An Irishwoman's Diary

 

One of Alice's adventures in Wonderland was playing croquet with the Queen of Hearts, writes Melosina Lenox-Conyngham. Her ball was a hedgehog which would unroll itself to fight and crawl to the safety of the other side of the pitch, while her mallet was a resentful flamingo. Alice found it was "a very difficult game indeed".

I can agree with her, even without having an animated croquet set. My mallet may not twist "itself round and look me in the face with a puzzled expression", but my partners often do and they yearn for the authority of the Queen of Hearts so as to be able to give the command: "Off with her head!"

I do not know if there will be much call for decapitation, except in their hearts, from the women competitors who are taking part in the World Women's Golf Croquet Championships, which open today in Dublin and run until next Monday. Forty competitors from nine different countries will battle it out at the Carrickmines Club and at the Herbert Park Club. Egypt has dominated all previous championships and the current world champion will be here defending her title. She is Nahed Hassan, a practising lawyer married with two children, who has been playing since 1974.

Golf Croquet is a modified version of the traditional game now known as Association Croquet. In Golf Croquet, a turn is a single stroke and a point is scored by the side whose ball is first through each hoop, while in Association Croquet extra strokes can be gained by hitting other balls and when a ball goes through a hoop. The winner is the side which first hits through all the hoops. Golf Croquet, which was devised before the first World War, is growing rapidly in popularity, perhaps because it is more interactive than Association Croquet and the rules are simpler.

Although a crude form of croquet was played in France for centuries, the game in its modern form was devised and first played in Ireland - in 1834, by the Macan family at a house called Greenmount near Castlebellingham, Co Louth. Denis Kirwan from Castle Hackett, who was courting and eventually married Anne-Margaret Macan, was so enthusiastic about it that he took it back to his home in Galway and later introduced it to the palace in Tuam, where the Protestant bishop and his family became keen players. Soon afterwards it was taken up in the big houses of Co Meath, where George Pollok founded the Oatlands Croquet Club. The first Irish croquet championship was held in 1871.

Given its Irish roots, croquet should really be one of our national sports - the hallowed stadium in Dublin 3 could possibly have been Croquet Park! There was a time when the game was played at Lansdowne Road, which, when first laid out, featured a croquet lawn as well as a rugby ground.

The game quickly spread round the world. In fact one might say it changed the world. In Russia, Trotsky was returning from a game of croquet when he found his father had confiscated a cow from a wretched peasant; this event converted him to socialism, even though his father returned the cow to the peasant. What would have happened to the revolution in Russia if Trotsky had not been croqueted? In the United States, the 12th president, Rutherford Hayes, was very fond of the game and spent $6 of government funds purchasing some good quality croquet balls. He was later criticised for this outrageous expense and told he should repay the country out of his own pocket.

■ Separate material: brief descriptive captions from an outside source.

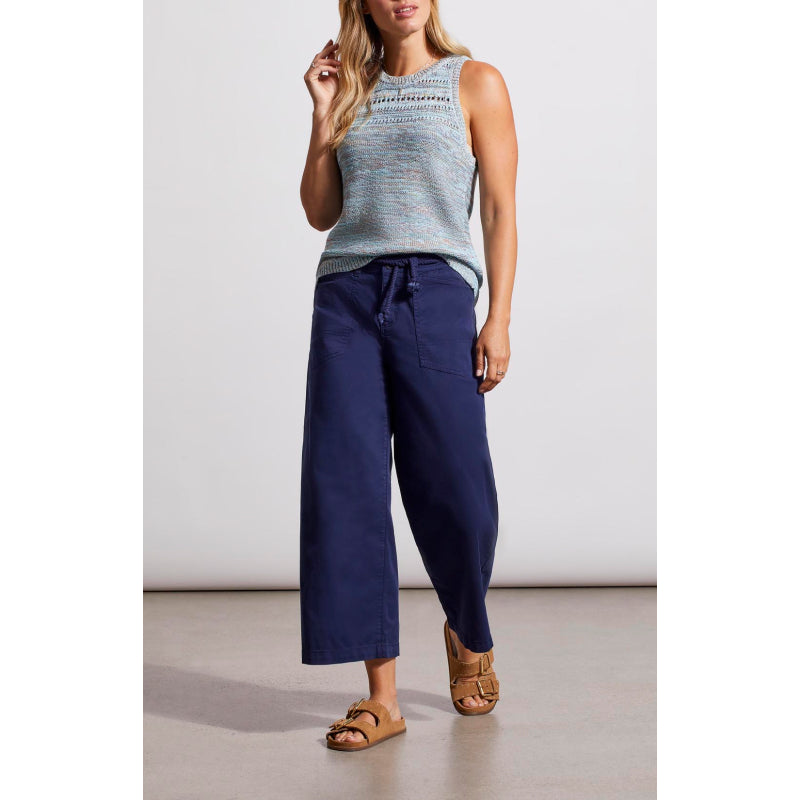 Tribal Audrey Wide Crop Jeans w/ Fancy Cord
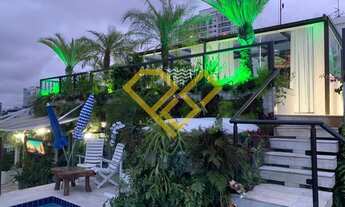 Imagem 2: Cobertura com Porteira Fechada 4 Dormitórios 2 Suítes Piscina Vista Mar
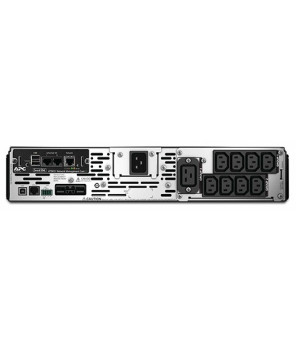 APC Smart-UPS SMX 3000VA 2U Rack/Tower LCD 200-240V Line Interactive UPS with Network Card SMX3000RMHV2UNC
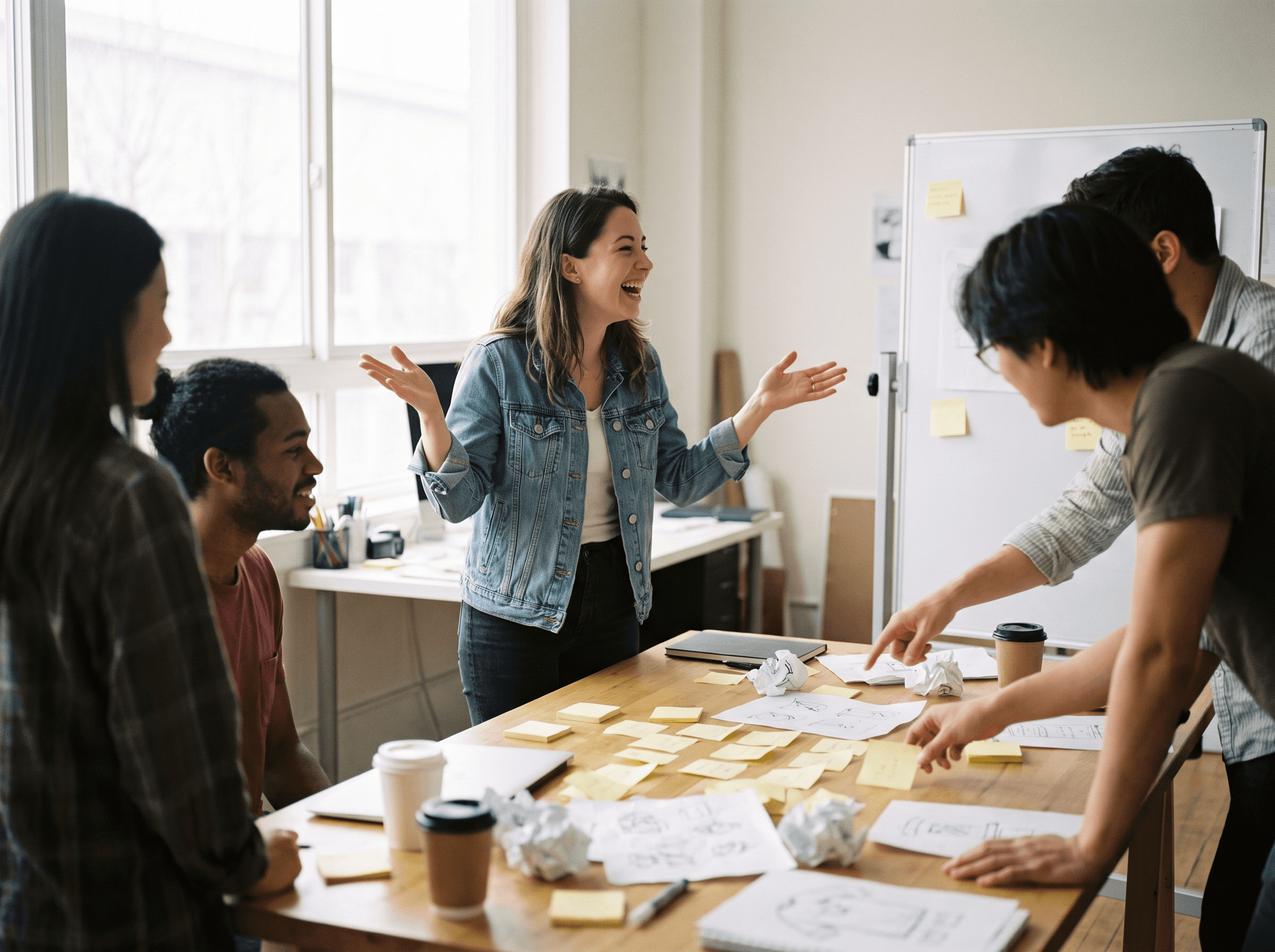 Operations team in a planning meeting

Tolstoy viewed it as a game of romance. Anna Karenina went to a croquet party in hopes of seeing Vronsky. Alas, he was at home doing his accounts and Anna never did get to play, in spite of saying that she enjoyed the game. The other players were two ladies and their adorers, one of them, Stremov, is described "a most amiable man and a devoted croquet player".

My father took up the game at the age of 80. Ignoring the indignant squeaks of his family, he turned our tennis court into a croquet lawn. He played summer and winter, hail, rain or shine, and anyone who was staying in the house was expected to play with him. Through constant practice and natural talent he became a good, but ferocious player, terrorising any timid opponent into cowering in the bushes pretending to look for their ball, which had been smacked off the court. There was no question of leniency to a beginner. He had many similarities, now I think of it, to the Queen of Hearts.

After a few years, he thought his game could do with some improvement and went off to a hypnotist in Dundalk. We questioned him closely as to what had happened. The hypnotist had never heard of croquet, but decided after some discussion that it was much the same as golf. He had not been able to put my father into a trance, but told him it would be just as effective if he completely relaxed and concentrated his mind on success.

My father told us that, though disappointed not to be hypnotised, he thought meditation was probably as good. We hoped that from then on we would see him sitting in the lotus position on a mat among the croquet hoops doing a bit of meditating, but he seemed to think one session had done the trick and I have to say I reached the same conclusion after my father had defeated me eight times in a row.

He would have enjoyed going to watch the women's world championships in Carrickmines, where he would have hoped to pick up a few hints on future tactics to further intimidate his opponents.